Despite the chill, damp and heavy, rain-bearing clouds, I manage a not too uncomfortable hour-long sitting a quarter mile downstream from Cedar Grove. It’s a strange thing to take a meditation in the middle of a mid-size city, surrounded by both nature and the din of man, but there is something fitting and necessary about doing so.
The quarter-mile wide strip of parkland that runs through the campus and the town is its best feature, everyone who lives or visits here agrees. Bidwell Park is the legacy of Annie and John Bidwell, famous for leading one of the first emigrant parties along the California Trail. (He led the parties, and she bequeathed the park.) In the future, most cities will have a slice of unmanicured nature at their heart. After all, though it’s hardly equivalent, even New York has Central Park.
Though some denizens of Chico don’t believe it, I encountered a healthy coyote once in the main section of the park. It happened after a powerful meditative state ensued from an hour’s passive observation, as I’d begun my run. I spotted something 200 meters up a path frequented by cyclists and walkers, as well as runners.
That’s not a dog, I recall thinking, and then dismissed the possibility of a coyote, a shy and wary animal I’d seen at a distance a few times in the wild. But as I rounded the turn, there it was, standing on a log only a few meters from the trail, staring at me.
Because thought was deeply quiet, I stood in wonder, transfixed by the encounter. For a full minute we stared at each other. The species barrier did not exist. There was even a moment when the man seemed to be looking through the coyote’s eyes, and the coyote seemed to be looking through the man’s eyes.
Later, at a visceral level I understood why Native Americans both revered and feared the coyote, considering him both friend and trickster. In the coyote one apparently can still experience humankind’s contradictory relationship with the earth and the other animals on it.
I turned to look at a cyclist pedaling up the broad, hard-packed path, and when I looked back, the coyote was gone.
Today, a few shafts of direct sunlight stream through the fast-thinning trees of late autumn. For the first half of the sitting I’m restless, even fidgety. But I don’t interfere with analysis and judgment of the state, and simply let it be. After a while, the observer and ‘I’ dissolve, and the body and brain grow calm and present in unforced, undirected attention.
The world, which physically is so near, suddenly seems far away. Through the fast-thinning trees, I can see cars and even buses going by. But they don’t intrude, and become part of the whole visual and aural environment.
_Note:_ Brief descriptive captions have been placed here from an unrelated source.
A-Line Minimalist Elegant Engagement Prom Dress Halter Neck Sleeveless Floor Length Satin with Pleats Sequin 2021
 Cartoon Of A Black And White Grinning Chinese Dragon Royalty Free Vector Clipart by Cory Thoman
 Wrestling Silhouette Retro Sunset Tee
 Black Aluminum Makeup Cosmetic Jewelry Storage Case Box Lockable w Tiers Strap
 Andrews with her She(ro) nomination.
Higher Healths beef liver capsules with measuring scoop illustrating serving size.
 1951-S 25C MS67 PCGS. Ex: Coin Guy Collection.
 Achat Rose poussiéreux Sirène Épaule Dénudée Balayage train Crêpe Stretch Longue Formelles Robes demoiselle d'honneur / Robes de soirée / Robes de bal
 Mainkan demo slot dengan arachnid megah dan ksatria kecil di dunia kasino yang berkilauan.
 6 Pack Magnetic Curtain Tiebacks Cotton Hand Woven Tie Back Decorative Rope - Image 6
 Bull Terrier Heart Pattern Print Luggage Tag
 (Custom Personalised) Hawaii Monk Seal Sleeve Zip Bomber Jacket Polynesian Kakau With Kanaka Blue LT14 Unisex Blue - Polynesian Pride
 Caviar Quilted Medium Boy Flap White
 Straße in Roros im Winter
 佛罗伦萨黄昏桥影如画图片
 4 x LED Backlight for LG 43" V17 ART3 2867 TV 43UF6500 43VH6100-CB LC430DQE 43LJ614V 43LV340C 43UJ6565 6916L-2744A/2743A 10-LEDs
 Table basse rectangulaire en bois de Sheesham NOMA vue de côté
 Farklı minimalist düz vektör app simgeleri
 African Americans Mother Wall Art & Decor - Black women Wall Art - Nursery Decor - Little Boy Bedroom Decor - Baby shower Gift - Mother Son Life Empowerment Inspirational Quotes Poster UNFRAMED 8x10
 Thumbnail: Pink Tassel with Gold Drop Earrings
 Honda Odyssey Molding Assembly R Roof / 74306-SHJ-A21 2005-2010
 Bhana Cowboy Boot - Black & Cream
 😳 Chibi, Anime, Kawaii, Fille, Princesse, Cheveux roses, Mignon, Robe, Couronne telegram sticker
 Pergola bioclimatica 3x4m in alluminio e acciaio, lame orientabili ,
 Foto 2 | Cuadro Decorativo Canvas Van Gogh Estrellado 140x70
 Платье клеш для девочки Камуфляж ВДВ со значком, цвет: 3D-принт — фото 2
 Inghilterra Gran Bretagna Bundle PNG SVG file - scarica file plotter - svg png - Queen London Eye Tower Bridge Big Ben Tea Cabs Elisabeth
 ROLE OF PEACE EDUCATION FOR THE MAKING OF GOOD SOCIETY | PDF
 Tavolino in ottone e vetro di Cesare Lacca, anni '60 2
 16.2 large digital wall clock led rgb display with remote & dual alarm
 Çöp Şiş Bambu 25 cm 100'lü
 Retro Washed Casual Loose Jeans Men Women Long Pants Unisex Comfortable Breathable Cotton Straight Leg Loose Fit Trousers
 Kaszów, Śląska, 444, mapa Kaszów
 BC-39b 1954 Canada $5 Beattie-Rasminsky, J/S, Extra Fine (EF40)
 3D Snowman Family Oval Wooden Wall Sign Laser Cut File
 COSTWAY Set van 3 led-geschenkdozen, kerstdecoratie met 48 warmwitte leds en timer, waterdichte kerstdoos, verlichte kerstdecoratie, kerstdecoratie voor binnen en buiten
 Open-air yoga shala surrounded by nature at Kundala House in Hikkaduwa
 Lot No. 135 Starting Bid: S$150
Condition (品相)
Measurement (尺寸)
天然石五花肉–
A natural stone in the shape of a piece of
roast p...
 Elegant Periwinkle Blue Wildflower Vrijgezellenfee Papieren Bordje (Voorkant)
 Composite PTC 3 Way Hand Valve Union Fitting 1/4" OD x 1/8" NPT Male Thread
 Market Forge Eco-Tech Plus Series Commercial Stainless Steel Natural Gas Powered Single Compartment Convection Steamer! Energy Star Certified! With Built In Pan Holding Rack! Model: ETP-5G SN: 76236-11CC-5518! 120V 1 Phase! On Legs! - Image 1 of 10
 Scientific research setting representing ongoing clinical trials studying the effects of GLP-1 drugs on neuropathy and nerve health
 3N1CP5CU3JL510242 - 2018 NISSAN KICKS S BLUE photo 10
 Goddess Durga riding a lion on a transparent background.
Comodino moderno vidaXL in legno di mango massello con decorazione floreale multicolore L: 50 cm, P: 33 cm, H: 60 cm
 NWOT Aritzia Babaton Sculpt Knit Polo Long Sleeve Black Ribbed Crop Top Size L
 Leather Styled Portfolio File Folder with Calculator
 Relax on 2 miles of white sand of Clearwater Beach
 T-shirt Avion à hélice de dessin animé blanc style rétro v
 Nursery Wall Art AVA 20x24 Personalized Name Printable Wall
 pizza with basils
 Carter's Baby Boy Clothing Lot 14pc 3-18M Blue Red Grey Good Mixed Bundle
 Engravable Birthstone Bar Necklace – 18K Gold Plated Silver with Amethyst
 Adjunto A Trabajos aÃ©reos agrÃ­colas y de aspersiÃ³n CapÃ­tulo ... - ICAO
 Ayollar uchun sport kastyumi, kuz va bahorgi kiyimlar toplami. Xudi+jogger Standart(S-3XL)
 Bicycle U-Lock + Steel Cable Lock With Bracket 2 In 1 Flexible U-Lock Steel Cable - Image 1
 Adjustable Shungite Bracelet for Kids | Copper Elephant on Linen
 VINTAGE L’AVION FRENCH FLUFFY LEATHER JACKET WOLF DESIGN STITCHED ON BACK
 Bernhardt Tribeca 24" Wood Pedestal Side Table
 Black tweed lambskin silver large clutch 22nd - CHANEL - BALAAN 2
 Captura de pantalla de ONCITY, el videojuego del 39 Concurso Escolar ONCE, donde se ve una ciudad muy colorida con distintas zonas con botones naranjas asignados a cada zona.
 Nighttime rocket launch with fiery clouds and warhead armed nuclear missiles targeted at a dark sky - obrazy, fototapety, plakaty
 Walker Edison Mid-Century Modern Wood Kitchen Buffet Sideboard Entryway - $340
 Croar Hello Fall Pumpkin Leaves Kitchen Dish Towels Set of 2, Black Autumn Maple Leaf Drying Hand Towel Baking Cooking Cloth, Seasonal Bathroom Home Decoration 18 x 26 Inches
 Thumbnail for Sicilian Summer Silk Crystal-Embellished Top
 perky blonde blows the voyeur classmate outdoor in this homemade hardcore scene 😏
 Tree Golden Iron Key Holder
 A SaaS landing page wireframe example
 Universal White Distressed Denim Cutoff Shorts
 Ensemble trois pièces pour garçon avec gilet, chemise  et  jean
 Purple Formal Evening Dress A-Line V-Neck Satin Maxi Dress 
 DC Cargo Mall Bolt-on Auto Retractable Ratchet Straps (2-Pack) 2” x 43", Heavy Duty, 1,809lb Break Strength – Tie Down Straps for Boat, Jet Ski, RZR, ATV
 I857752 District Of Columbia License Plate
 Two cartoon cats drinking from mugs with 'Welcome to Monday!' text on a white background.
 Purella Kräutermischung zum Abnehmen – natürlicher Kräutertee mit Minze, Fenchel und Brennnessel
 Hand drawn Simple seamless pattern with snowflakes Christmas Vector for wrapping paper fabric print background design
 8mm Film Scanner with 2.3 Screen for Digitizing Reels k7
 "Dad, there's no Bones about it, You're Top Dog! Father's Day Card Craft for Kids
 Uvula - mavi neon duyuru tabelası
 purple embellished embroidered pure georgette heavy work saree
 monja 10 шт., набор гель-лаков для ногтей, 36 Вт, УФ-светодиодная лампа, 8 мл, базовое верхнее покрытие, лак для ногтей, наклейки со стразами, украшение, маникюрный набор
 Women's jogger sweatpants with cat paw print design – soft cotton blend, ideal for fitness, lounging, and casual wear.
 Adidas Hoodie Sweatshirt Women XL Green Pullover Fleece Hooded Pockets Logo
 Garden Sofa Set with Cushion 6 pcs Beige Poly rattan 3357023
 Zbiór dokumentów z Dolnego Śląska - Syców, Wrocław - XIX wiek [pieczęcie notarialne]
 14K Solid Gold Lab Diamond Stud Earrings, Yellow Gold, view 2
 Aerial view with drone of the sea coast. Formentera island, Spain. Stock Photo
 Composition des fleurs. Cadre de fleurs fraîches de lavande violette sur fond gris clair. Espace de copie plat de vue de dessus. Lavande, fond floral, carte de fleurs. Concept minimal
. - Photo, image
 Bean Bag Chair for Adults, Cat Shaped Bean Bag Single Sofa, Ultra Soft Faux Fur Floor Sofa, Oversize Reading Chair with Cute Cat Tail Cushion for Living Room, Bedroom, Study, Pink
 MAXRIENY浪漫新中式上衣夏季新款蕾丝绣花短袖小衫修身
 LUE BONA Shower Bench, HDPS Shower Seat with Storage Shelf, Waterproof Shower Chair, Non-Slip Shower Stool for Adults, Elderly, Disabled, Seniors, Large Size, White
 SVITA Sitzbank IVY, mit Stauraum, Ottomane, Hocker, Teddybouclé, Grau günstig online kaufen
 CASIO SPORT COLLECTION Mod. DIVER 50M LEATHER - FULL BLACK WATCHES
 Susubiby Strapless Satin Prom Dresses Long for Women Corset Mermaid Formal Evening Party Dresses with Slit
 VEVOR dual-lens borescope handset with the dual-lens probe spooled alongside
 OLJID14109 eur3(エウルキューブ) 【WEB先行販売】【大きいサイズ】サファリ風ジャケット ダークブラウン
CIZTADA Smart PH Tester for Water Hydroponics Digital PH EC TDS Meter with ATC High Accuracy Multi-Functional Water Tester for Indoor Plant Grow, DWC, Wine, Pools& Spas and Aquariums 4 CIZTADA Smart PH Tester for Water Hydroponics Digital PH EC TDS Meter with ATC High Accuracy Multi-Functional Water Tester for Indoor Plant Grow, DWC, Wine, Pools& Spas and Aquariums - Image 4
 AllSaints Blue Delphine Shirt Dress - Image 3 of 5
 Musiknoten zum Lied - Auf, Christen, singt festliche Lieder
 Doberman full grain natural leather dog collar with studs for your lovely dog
By the end of the hour, the mind and emotions have grown very still. The intensity of beauty, timelessness and ecstasy even produces somatic effects, rendering the body nearly motionless. One has left the stream of the known, and everything within and around is new again.
What do these natural states of altered consciousness have to do with the world as it is?
Returning to the house I read, “In South America, the rate of depletion of vertebrate species has reached an astonishing 83 percent. This is the process that scientists have called the ‘Sixth Extinction,’ comparable to the previous five great mass extinctions on Earth. But unlike the others, the current destruction is entirely anthropogenic — a result of human activity.”
The need for wishful thinking, for seeing “many signs pointing to a great change coming and, in fact, happening now,” as a reader recently put it, is very strong. In fact, radical change is not happening, and man’s darkness is growing exponentially.
That doesn’t mean things are hopeless, as most people believe. It means we have to see things as they are if there is any possibility of changing course.
I also read a disparaging phrase about meditation—“some of us may choose to disappear into the woods or sit on a mountaintop in deep meditation.”
The writer was riffing on Rousseau, taking off from his famous quote, “Man is born free, and everywhere he is in chains.” The put-down of meditation was preceded by an absurd bit of certainty: “We now know Rousseau was dead wrong. Human evolution has made us obligate social creatures.” Rousseau was mistaken in some important ways, but that totally misses his point.
For humankind to change course there has to be a revolution in consciousness. For a psychological revolution to ignite, a sufficient but unknowable number of people have to awaken insight and grow as true in-dividuals—undivided human beings.
Wholeness and holiness (words and things that have the same root) can have relationship to the individual and humanity, but dividuals and the society s/he’s made can have no relationship to wholeness and holiness.